El volumen exportable actualmente está integrado por maní en grano, que se comercializa en diversos tamaños llamados “calibres”, y que puede comercializarse como “crudo” o “blancheado” (4). También es importante la pasta, la harina, la mantequilla de maní y otras formas de comercializar los granos, como partidos o granas y enteros saborizados con una amplísima gama de sabores y coberturas.

Algunas observaciones que permiten dimensionar la importancia del cultivo de maní para la Provincia de Córdoba se exponen a continuación:

En campaña 2016 / 17 se sembraron más de 380.000 Hectáreas con maní en Argentina. Alrededor del 90 % de esa superficie en la provincia de Córdoba.

Prácticamente toda la cadena agroalimentaria relacionada al cultivo de maní, su acondicionamiento, almacenamiento, procesado y selección para exportación, consumo interno o industria aceitera está ubicada en la zona Centro y Centro Este de la Provincia de Córdoba.

Actualmente Argentina es el primer exportador mundial de maní. Y siendo Córdoba la provincia que produce y procesa prácticamente todo el maní argentino, la conclusión es que la provincia de Córdoba, gracias a la tecnología y a las inversiones realizadas por semilleros, productores, técnicos e industriales del complejo manisero es el principal exportador de maní del mundo, llegando a mas de 90 destinos internacionales.
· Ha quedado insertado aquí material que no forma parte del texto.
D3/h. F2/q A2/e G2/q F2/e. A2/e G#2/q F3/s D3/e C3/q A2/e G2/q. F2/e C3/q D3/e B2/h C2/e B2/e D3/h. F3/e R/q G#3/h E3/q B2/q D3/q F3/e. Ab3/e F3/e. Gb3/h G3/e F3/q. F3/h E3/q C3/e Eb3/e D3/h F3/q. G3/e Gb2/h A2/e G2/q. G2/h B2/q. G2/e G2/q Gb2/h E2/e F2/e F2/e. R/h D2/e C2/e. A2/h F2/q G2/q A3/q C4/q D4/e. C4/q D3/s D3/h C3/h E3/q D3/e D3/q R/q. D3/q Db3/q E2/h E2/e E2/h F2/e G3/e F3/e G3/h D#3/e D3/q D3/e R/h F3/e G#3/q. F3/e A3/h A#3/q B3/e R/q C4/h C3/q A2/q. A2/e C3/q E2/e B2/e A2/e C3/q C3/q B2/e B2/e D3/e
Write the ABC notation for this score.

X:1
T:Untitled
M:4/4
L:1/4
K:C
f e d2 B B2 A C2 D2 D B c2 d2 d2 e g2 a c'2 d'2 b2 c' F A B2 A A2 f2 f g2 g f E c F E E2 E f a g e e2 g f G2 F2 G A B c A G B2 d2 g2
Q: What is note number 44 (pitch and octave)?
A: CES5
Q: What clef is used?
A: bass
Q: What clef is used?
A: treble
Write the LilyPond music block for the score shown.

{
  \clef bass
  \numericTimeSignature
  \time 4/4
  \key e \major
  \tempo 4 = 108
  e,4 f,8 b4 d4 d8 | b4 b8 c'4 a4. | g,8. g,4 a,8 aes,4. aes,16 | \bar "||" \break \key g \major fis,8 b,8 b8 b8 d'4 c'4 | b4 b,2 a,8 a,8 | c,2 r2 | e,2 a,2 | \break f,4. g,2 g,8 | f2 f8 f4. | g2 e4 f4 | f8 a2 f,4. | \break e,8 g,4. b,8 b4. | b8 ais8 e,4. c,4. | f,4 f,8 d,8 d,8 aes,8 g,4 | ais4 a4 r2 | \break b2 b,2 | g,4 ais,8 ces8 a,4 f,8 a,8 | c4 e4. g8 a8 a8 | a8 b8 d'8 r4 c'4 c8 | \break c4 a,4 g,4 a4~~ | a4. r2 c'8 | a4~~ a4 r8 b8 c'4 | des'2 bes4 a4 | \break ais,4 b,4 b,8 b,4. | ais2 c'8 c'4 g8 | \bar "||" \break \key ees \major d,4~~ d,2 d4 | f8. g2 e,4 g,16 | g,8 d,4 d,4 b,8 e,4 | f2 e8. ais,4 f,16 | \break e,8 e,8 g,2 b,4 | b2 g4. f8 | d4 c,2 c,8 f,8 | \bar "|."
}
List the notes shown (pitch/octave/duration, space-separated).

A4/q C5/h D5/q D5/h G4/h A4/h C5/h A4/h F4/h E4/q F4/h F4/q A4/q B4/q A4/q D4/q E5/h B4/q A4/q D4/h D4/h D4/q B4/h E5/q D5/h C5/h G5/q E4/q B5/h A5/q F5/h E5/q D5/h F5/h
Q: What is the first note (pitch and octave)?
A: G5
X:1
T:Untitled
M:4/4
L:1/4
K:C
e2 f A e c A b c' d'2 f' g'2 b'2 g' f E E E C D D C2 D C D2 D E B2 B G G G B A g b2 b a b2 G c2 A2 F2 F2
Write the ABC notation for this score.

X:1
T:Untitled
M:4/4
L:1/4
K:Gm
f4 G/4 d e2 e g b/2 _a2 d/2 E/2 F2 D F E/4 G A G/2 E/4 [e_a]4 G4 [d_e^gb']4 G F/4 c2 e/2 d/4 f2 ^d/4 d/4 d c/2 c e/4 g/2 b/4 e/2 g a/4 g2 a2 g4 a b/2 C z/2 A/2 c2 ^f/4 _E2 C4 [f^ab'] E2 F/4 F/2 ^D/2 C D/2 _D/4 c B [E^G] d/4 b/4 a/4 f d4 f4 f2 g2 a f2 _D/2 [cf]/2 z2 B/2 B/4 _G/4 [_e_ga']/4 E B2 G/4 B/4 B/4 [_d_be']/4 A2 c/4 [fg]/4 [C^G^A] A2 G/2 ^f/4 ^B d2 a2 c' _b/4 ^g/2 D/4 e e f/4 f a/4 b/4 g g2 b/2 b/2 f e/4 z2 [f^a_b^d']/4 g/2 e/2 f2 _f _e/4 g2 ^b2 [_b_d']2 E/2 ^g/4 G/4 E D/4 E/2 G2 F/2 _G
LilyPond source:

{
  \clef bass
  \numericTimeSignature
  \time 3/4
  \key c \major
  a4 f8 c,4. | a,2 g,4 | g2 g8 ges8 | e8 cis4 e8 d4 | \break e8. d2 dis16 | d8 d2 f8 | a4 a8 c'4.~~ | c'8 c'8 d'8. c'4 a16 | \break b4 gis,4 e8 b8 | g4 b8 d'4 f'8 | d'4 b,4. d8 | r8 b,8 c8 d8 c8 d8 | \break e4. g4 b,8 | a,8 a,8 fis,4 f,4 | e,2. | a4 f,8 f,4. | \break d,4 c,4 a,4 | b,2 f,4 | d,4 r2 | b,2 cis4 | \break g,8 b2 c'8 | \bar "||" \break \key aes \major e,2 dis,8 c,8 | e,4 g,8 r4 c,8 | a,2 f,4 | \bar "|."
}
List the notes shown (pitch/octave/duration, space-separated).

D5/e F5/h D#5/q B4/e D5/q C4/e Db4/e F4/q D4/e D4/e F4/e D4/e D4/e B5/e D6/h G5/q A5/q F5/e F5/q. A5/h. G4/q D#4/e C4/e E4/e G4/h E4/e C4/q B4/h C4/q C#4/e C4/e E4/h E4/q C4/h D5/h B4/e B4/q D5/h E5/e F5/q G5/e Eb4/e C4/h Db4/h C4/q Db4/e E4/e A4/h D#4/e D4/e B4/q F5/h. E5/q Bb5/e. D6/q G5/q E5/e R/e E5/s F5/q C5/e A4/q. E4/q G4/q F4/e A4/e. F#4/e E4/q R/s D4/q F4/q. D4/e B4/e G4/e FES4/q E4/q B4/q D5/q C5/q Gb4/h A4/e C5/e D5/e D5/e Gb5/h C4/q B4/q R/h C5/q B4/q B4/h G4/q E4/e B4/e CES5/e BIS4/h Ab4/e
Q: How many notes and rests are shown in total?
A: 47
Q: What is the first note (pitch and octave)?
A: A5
Sin embargo, Argentina no es el primer productor mundial de maní, y se encuentra muy lejos de los primeros puestos. En la actualidad Argentina es el 6to ó 7mo. productor mundial de maní. El reparto de producción de maní en granos mundial es aproximadamente el siguiente:
· China: 41 %
· India: 15 %
· EE UU: 6 %
· Nigeria: 6 %
· Indonesia: 3 %
· Argentina: 3 %

Por otra parte, las cantidades que cada país productor exporta son las siguientes:
· Argentina: 599.000 Toneladas o más
· India: 578.000 Toneladas
· China: 421.000 Toneladas
· EE UU: 425.000 Toneladas

Estos números muestran claramente que todos los productores de maní lo consumen, menos Argentina que destina a su mercado interno muy poco, y exporta prácticamente un 80 a 90 % del total producido. Este razonamiento plantea el desafío de hacer crecer el consumo de maní dentro de nuestras fronteras. La distribución de el destino del maní producido por Argentina es aproximadamente la siguiente: A Exportación, un 72 %, a Industria aceitera un 15 % y a consumo interno 13 %

Además del enorme aporte económico que el cultivo de maní entrega a la Provincia de Córdoba en el concepto de exportaciones, es importante hacer notar que el Cluster manisero (5) genera mucho trabajo en forma directa en indirecta, ya que además de movilizar toda una economía relacionada a la producción primaria, genera muchísima mano de obra en las plantas industriales, capacita a su personal, y se tecnifica constantemente para competir en uno de los mercados más exigentes del mundo.

MANÍ - 1
MANÍ - 2
MANÍ - 3

Origen geográfico de las exportaciones. Provincia de Córdoba.

· General Cabrera: 29,4%
· General Deheza: 26,2%
· Charras / Reducción: 9,0%
· Ticino: 8,3%
· Dalmacio Vélez Sarfield: 6,4%
· Alejandro Roca: 5,8%
· Pasco: 4,1%
· Hernando: 2,5%
· Etruria: 2,1%
· Santa Eufemia: 1,7%
· El Espinillal: 1,5%
· Las Junturas: 1,1%
· Villa Ascasubi: 0,9%
· Rio Segundo: 0,6%
· Arroyo Cabral: 0,3%

%: Participación en las exportaciones totales.
Datos del año 2013.

Como párrafo final, creo importante mencionar que aunque exportamos a casi 100 destinos internacionales el principal consumidor del maní que Argentina produce es Europa. Copio un texto publicado por la Cámara Argentina de Maní:
Europa es nuestro principal Mercado: “El más exigente del mundo” Y Argentina responde con:
• Bajo riesgo de Aflatoxinas y Residuos de Pesticidas
• Envases y Etiquetado de acuerdo a cada cliente
• Casi libre de Cuerpos Extraños
• Certificaciones de Plantas: BRC, ISO, HACCP, BPM, BPA. • Cuidado del Medio Ambiente y Comercio Justo

Nota:
Para la confección de este apunte se tomaron datos publicados por la Cámara Argentina de Maní, fotos y algunos conceptos del Manual de Implantación, Cuidados Culturales, Cosecha y Almacenaje de Maní publicado por I.N.T.A.